_WHAT IS REQUIRED_: The task for the listing below is to write out exactly the lines starting at the one containing "Surprise victory by" and ending at the one containing "Need to Know", both included. Pictures are to be omitted.

_DATASET RECORDS_:
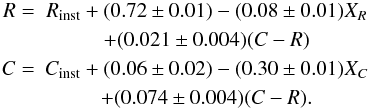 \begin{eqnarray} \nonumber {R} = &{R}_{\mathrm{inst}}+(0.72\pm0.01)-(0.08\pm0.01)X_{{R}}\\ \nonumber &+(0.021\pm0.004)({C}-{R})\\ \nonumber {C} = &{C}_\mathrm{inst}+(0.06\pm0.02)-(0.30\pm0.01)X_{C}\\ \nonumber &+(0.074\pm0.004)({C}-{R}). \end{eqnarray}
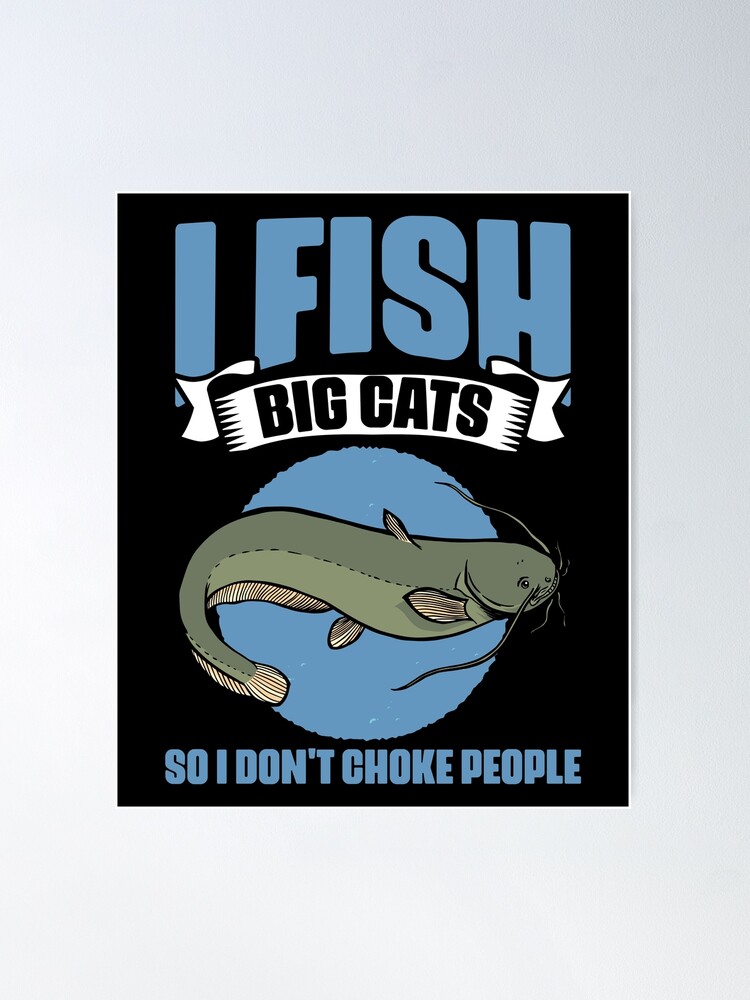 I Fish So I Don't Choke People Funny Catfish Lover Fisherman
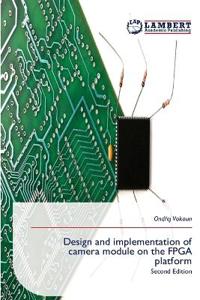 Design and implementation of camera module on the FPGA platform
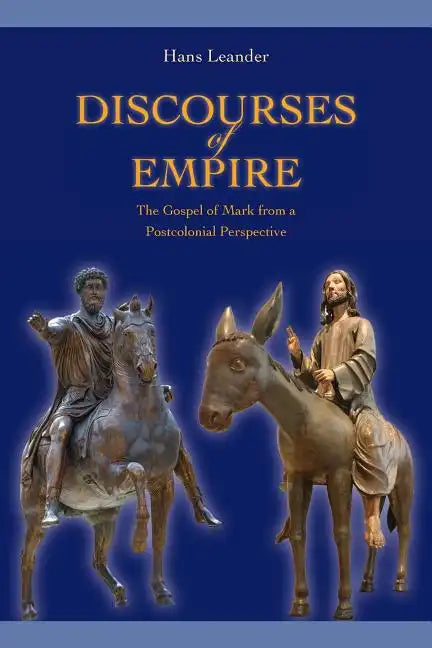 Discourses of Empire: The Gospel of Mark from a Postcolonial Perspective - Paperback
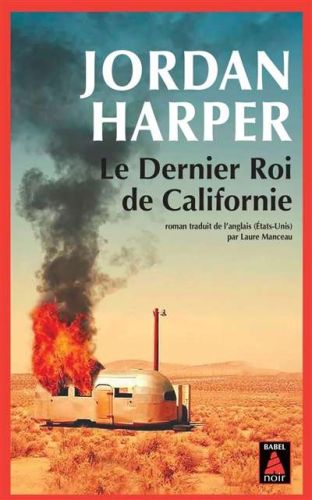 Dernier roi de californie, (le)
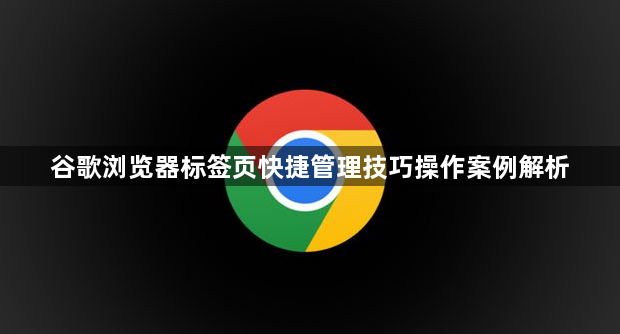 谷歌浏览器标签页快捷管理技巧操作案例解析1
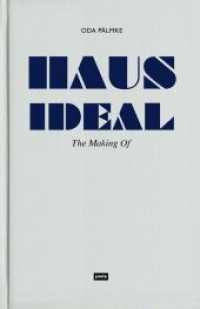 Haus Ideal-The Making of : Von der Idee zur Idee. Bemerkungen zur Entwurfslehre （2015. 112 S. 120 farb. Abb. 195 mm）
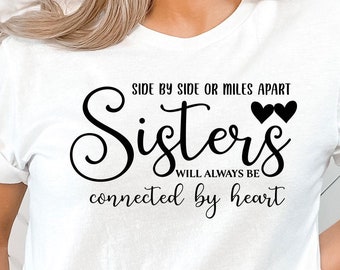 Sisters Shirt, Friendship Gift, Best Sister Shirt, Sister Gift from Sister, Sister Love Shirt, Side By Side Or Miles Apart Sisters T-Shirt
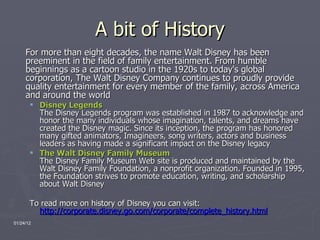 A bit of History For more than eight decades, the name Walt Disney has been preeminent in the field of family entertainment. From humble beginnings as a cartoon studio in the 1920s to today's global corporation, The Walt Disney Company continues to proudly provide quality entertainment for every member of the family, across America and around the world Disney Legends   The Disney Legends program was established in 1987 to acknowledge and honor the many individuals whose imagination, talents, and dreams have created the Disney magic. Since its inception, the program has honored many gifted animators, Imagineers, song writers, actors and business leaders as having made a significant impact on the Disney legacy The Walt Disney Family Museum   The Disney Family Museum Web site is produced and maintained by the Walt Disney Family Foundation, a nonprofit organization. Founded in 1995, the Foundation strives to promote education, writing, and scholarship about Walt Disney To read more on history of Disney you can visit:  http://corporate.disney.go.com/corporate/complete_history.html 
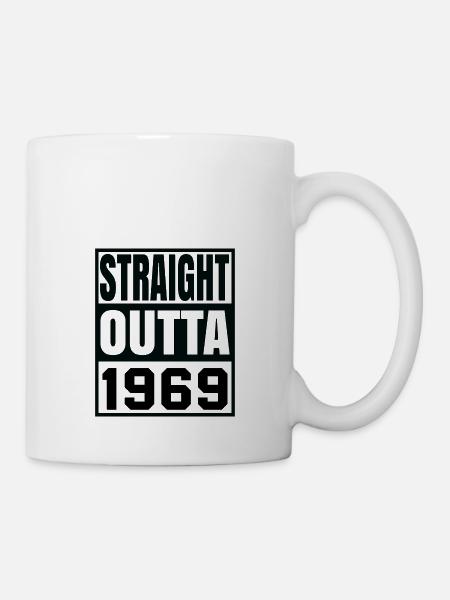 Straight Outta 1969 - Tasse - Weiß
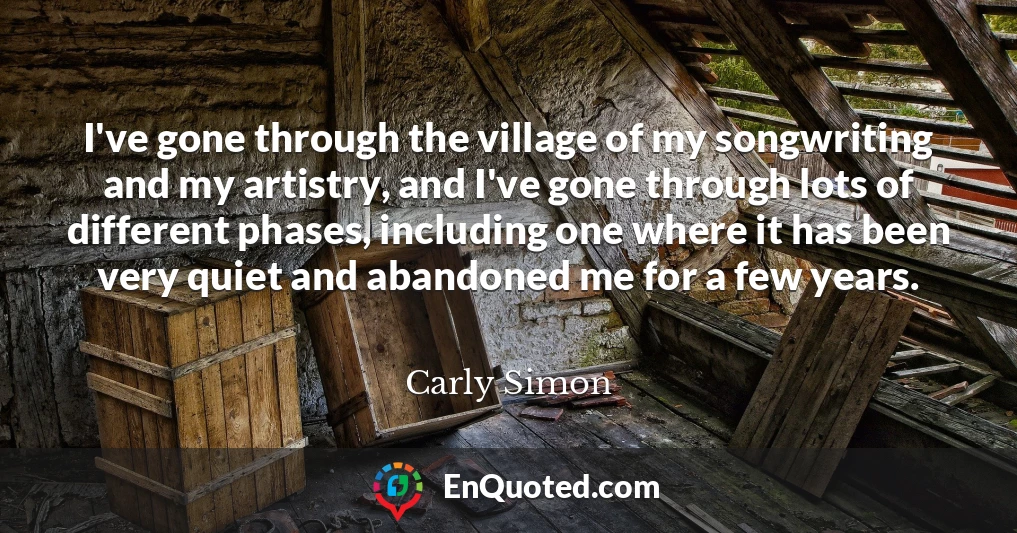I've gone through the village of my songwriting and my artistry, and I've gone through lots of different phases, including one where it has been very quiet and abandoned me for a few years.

* * *

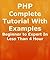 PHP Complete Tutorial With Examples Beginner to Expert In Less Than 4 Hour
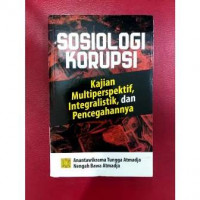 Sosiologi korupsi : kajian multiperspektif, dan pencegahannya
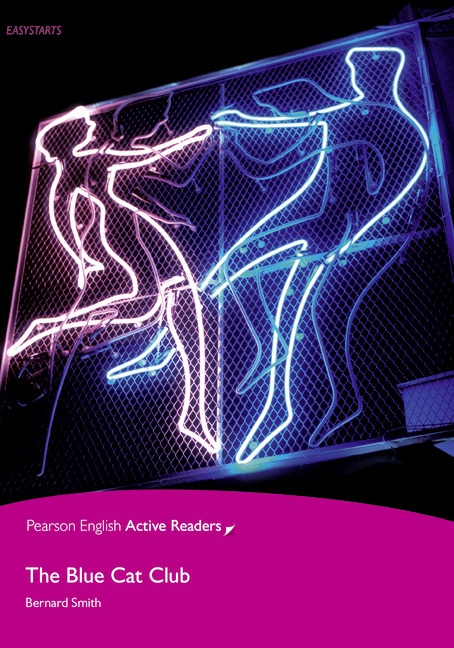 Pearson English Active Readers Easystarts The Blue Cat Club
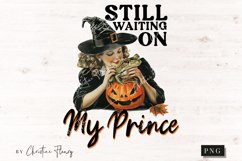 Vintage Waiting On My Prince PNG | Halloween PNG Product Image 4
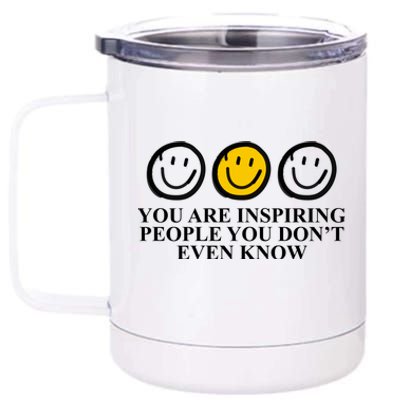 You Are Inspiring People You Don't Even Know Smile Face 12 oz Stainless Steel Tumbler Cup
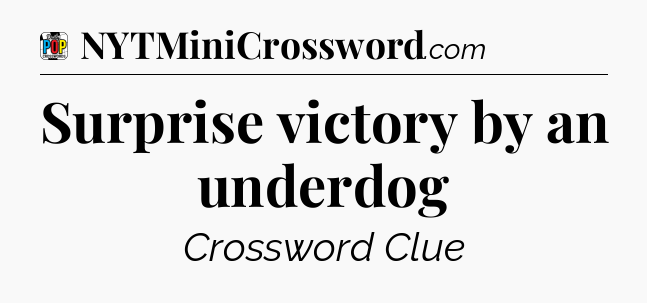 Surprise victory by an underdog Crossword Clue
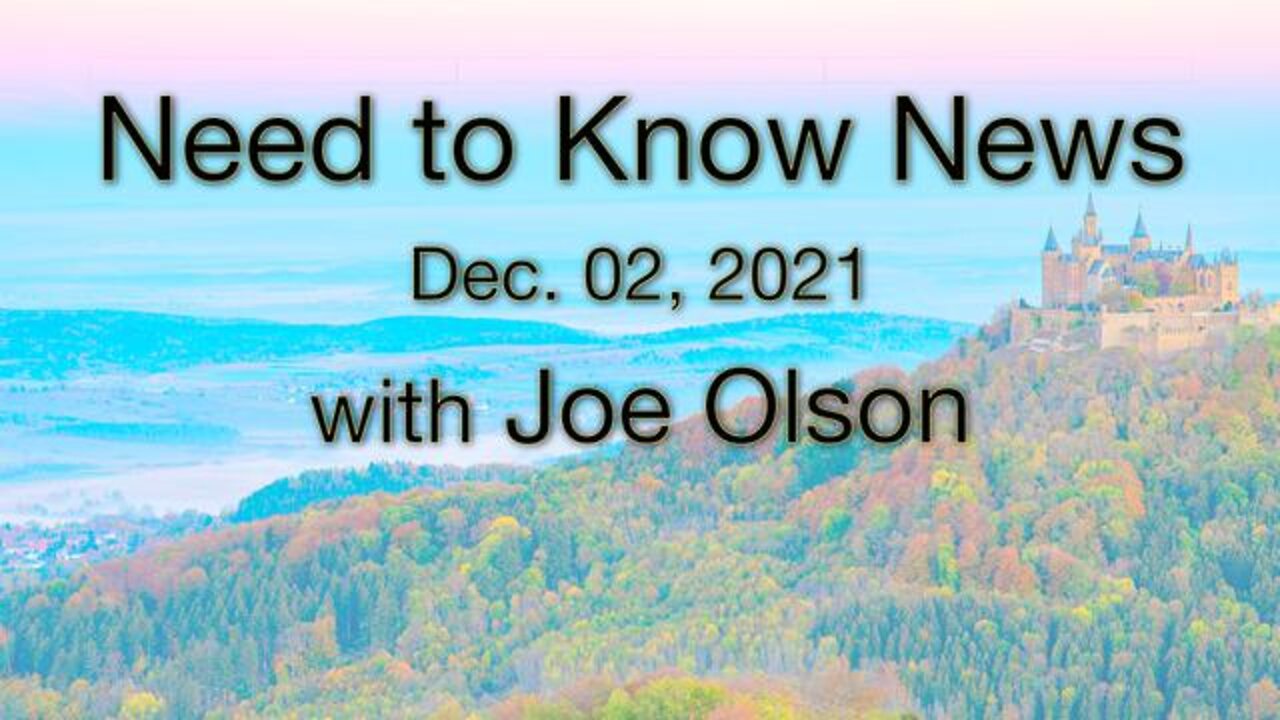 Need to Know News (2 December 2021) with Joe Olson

* * *

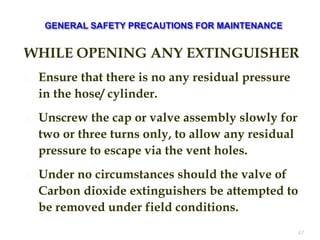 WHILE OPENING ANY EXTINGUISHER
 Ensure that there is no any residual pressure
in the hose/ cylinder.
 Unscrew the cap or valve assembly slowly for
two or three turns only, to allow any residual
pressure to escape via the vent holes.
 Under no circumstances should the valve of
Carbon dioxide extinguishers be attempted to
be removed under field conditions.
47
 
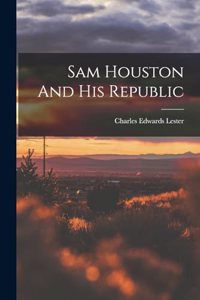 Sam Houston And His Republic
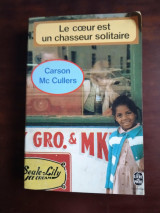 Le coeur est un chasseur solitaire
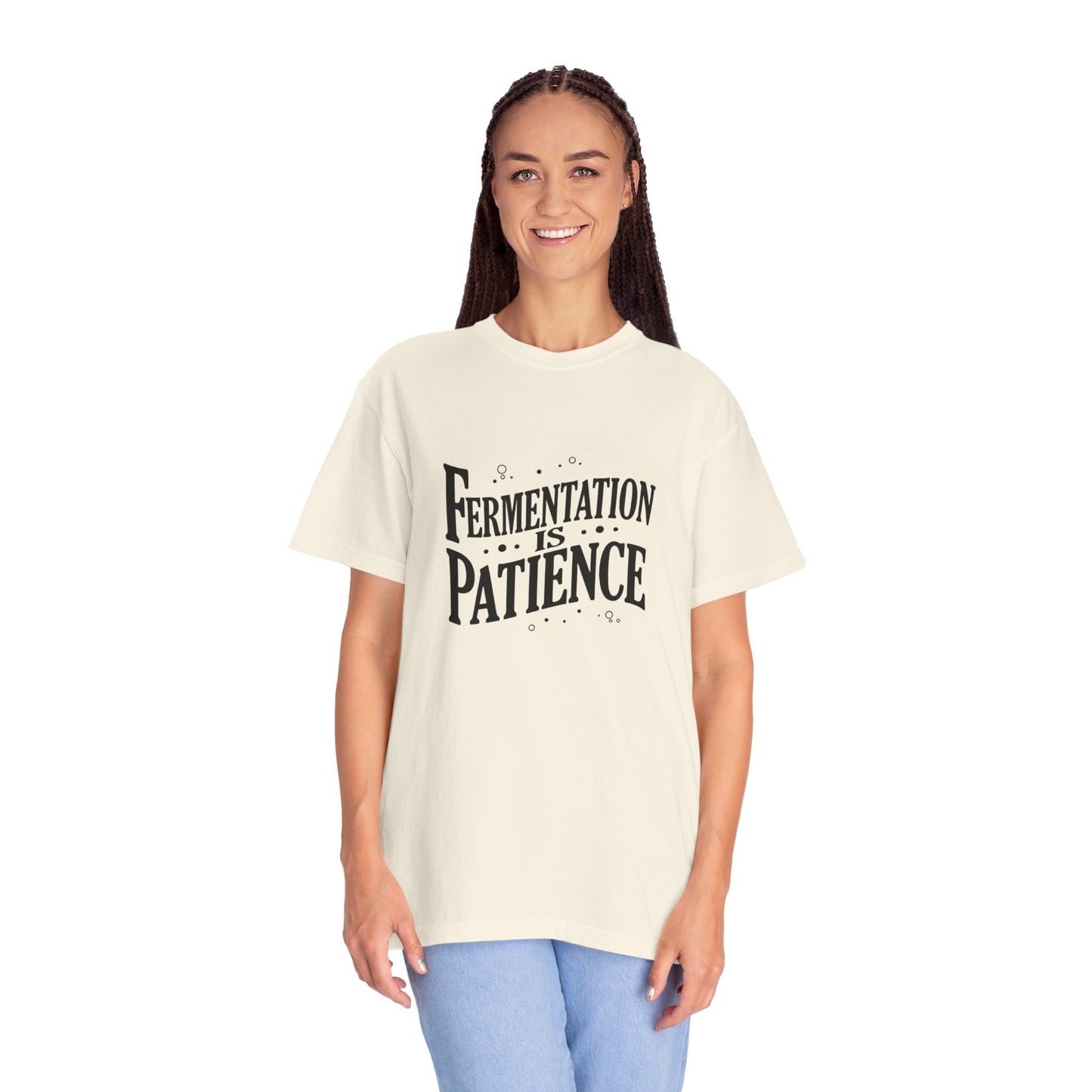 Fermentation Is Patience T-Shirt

_ANSWER_:
 Surprise victory by an underdog Crossword Clue
 Need to Know News (2 December 2021) with Joe Olson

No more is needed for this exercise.